Nachlese zur Veranstaltung von IG Architektur und Beton Dialog Österreich am 30. September 2025 in Wien

„Wir müssen den Bestand wertschätzen und den Mehrwert erkennen“, ist Angelika Mettke, Professorin an der TU Brandenburg und Expertin für die Wiederverwendung von Betonfertigteilen überzeugt.
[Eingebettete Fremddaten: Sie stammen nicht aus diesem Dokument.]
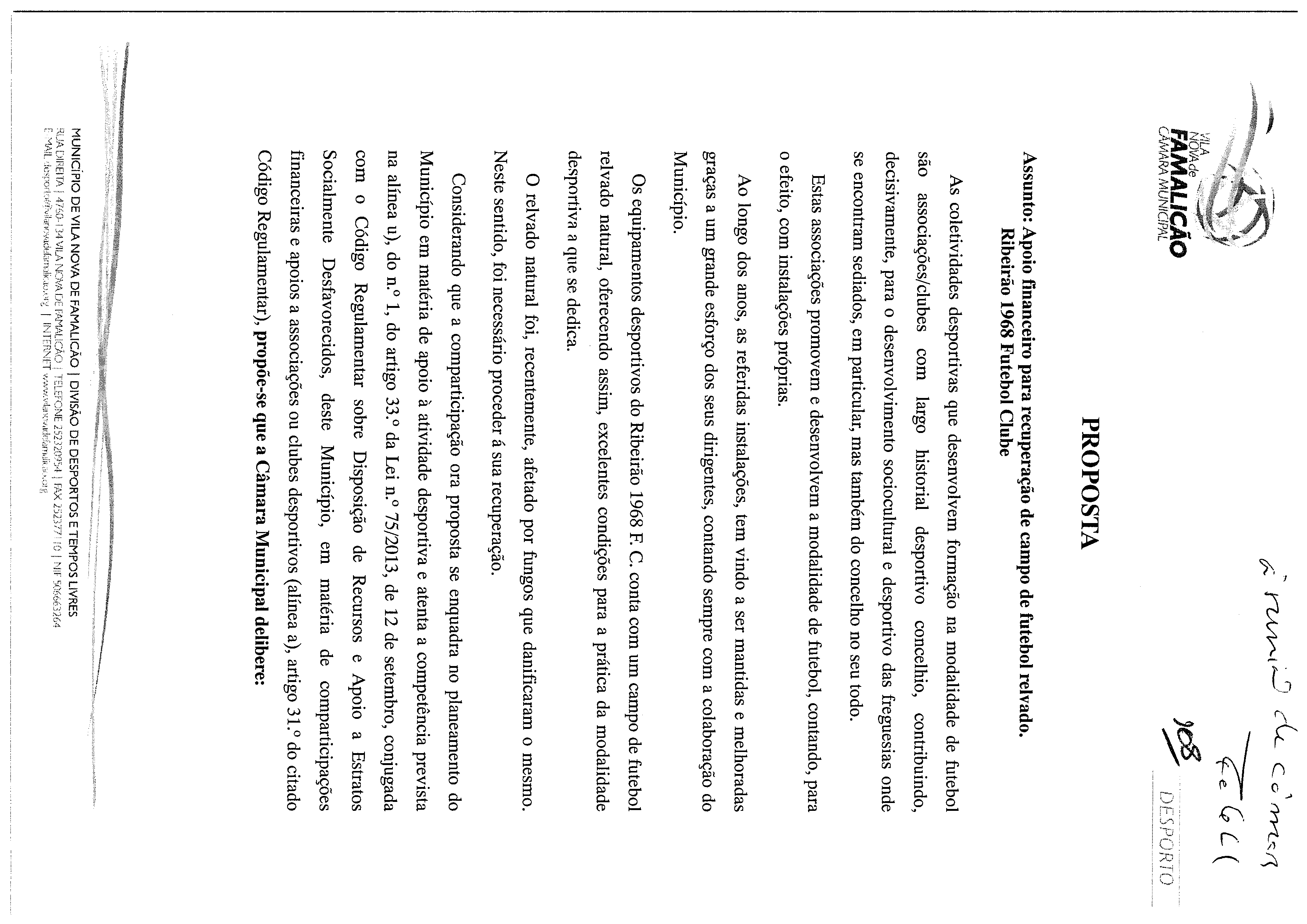 (_-~ ~;Ç ~I~/1y.~( ~ ~ E0 ~ VILA NOVAde FAMALICAO CÃMÁRA fyi.unicip/\l PROPOSTA Assunto: Apoio financeiro para recuperação de campo de futebol relvado.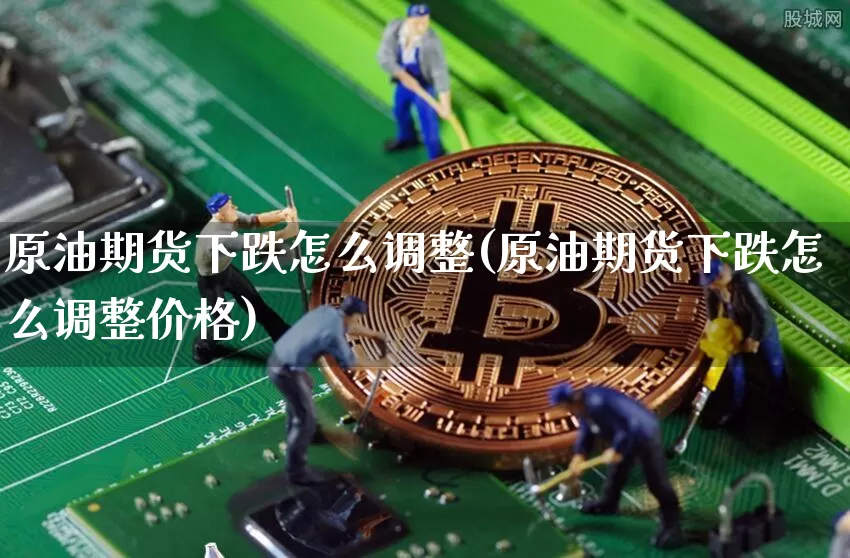 原油期货下跌怎么调整(原油期货下跌怎么调整价格)_https://www.tuogunzhijia.com_纳指期货_第1张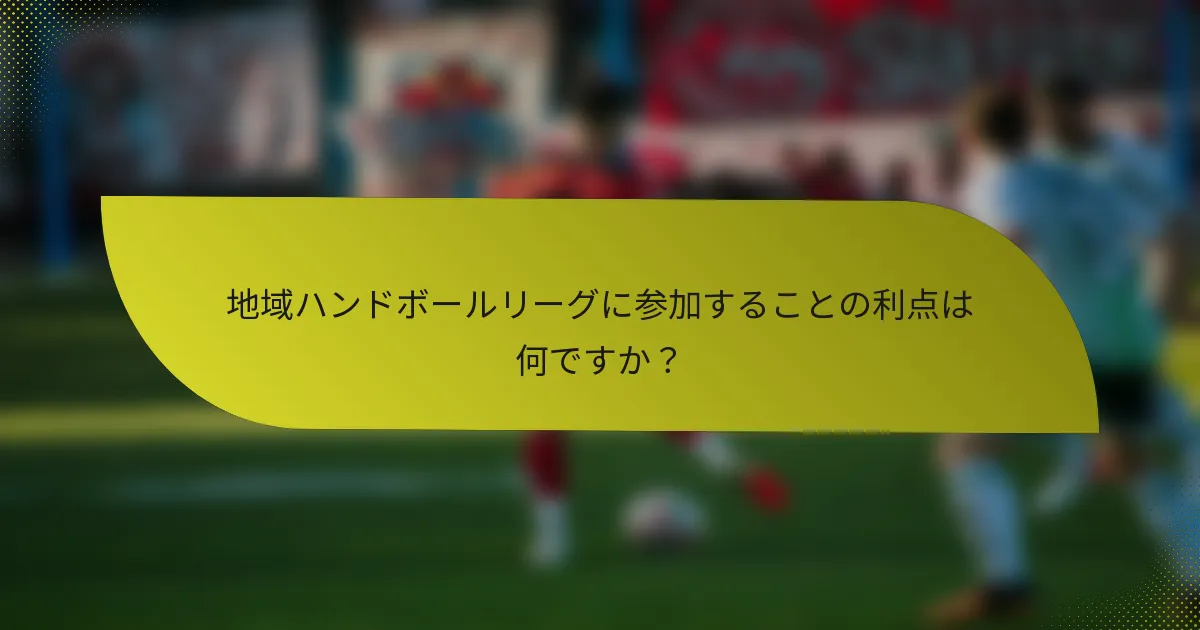 地域ハンドボールリーグに参加することの利点は何ですか？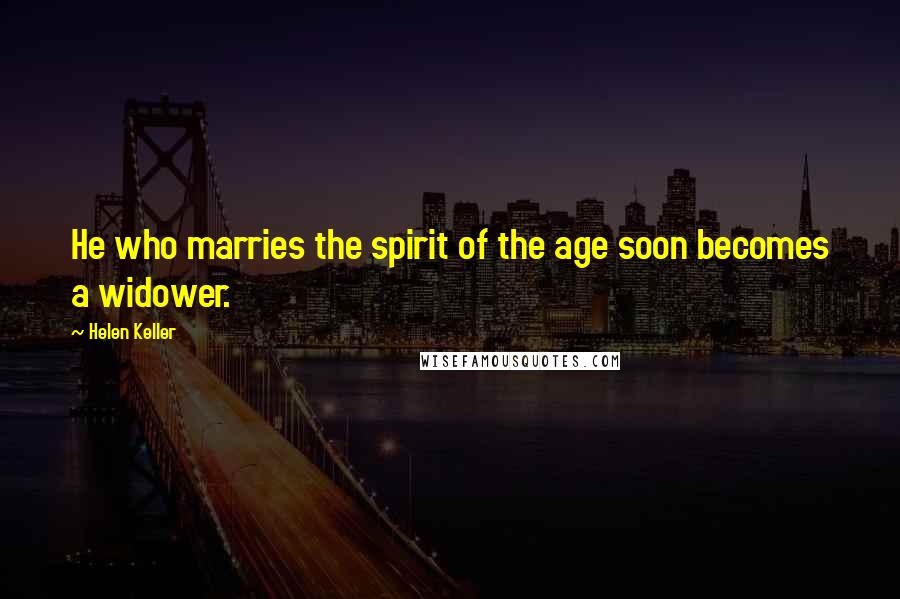 Helen Keller Quotes: He who marries the spirit of the age soon becomes a widower.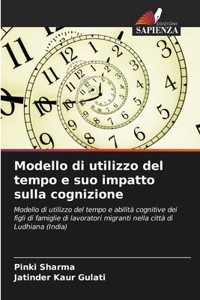 Modello di utilizzo del tempo e suo impatto sulla cognizione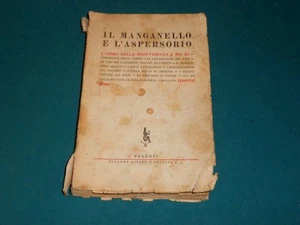 E. Rossi IL MANGANELLOO E L'ASPERSORIO Volume III Parenti Editore 1958 - Picture 1 of 1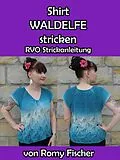 E-Book (epub) Shirt Waldelfe stricken von Romy Fischer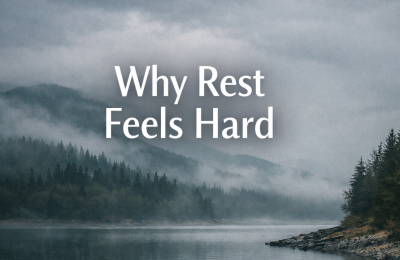 Why Rest Feels Hard Even When You Know You Need It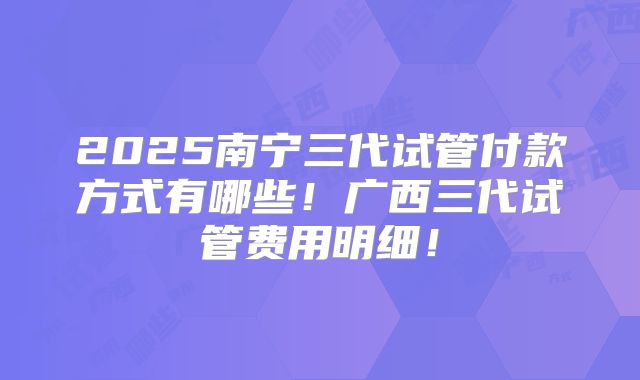 2025南宁三代试管付款方式有哪些！广西三代试管费用明细！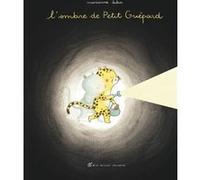 L'Ombre de Petit Guépard Marianne Dubuc (Auteur)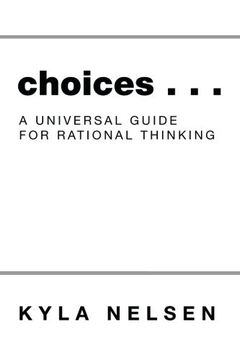 portada Choices . . .: A Universal Guide for Rational Thinking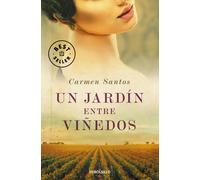 UN JARDIN ENTRE VIÑEDOS | Carmen Santos Asensi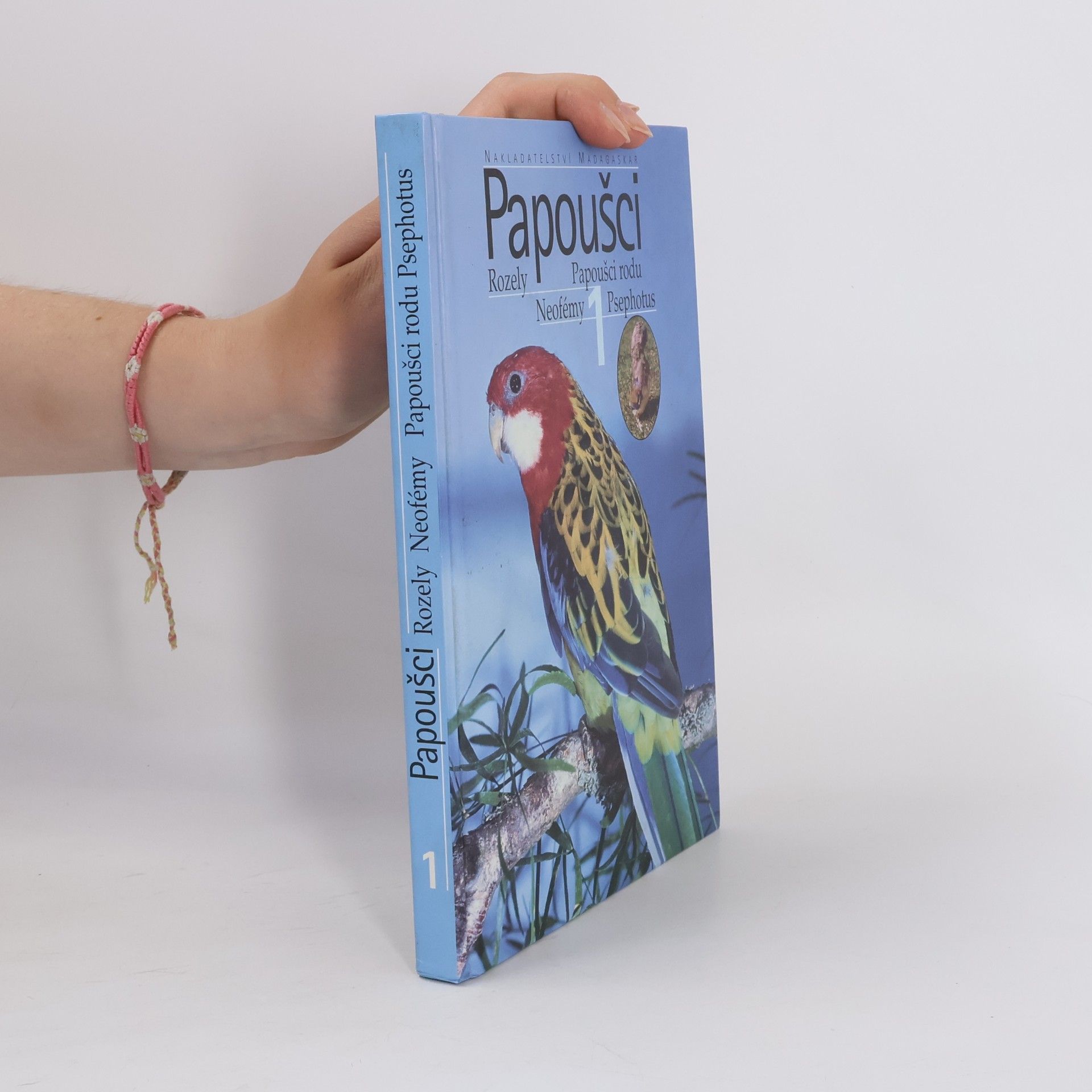 Milan Šaroun Papoušci. 1, Rozely, neofémy, papoušci rodu Psephotus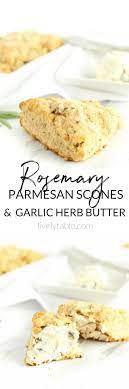 Whole Grain Rosemary Parmesan Scones With Herb Butter Recipe Baking Recipes Savoury Baking Herb Butter
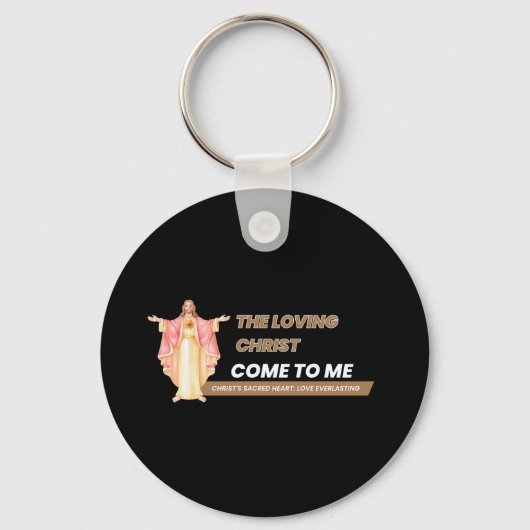 The Loving Christ Come To Me Sleutelhanger (Voorkant)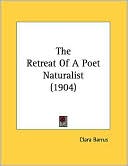 The Retreat of a Poet Naturalist (1904)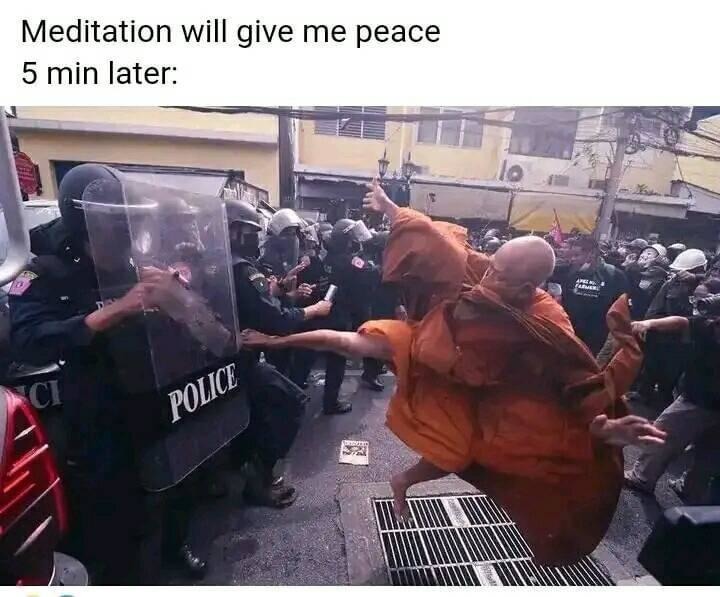 Meditation will give me peace
5 min later: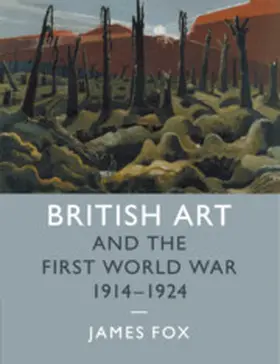 Fox |  British Art and the First World War, 1914-1924 | Buch |  Sack Fachmedien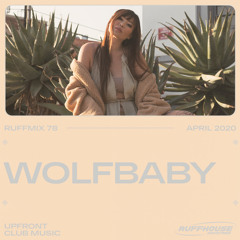 RUFFMIX 078 | WOLFBABY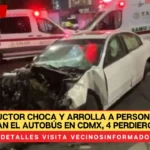 Conductor choca y arrolla a personas que esperaban el autobús en CDMX, 4 perdieron la vida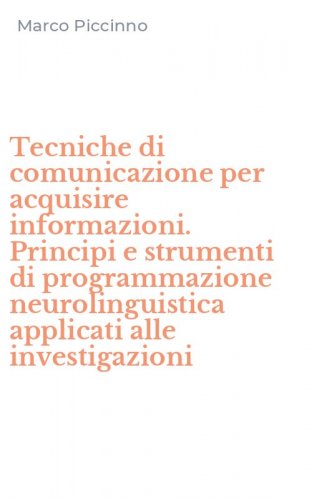 Tecniche di comunicazione per acquisire informazioni. Principi e strumenti di programmazione neurolinguistica applicati alle investigazioni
In ihrem Vortrag bei der Veranstaltung „ig_im Detail: Von der Ressource zum Kreislauf – Chancen des nachhaltigen Bauens mit Beton“ zeigte sie anhand praktischer Beispiele, wie alte Plattenbauten aus der DDR-Zeit zu Rohstofflagern der Zukunft wurden – etwa beim Jugendzentrum Hohenmölsen oder beim Sportlerheim Kolkwitz.

Diese gelungenen Projekte für das Re-Use von Betonelementen bezeichnete Sebastian Spaun, Geschäftsführer der Vereinigung der österreichischen Zementindustrie und Vorstand von Beton Dialog Österreich, als „Königsdisziplin der Kreislaufwirtschaft“. Er verwies auf die Fortschritte der österreichischen Zementindustrie in der Dekarbonisierung und gab einen Ausblick, wie der Klinkeranteil im Zement bis 2040 von 70 auf 52 Prozent sinken soll, während der Ersatzrohstoffanteil von 23 auf 50 Prozent steigen soll.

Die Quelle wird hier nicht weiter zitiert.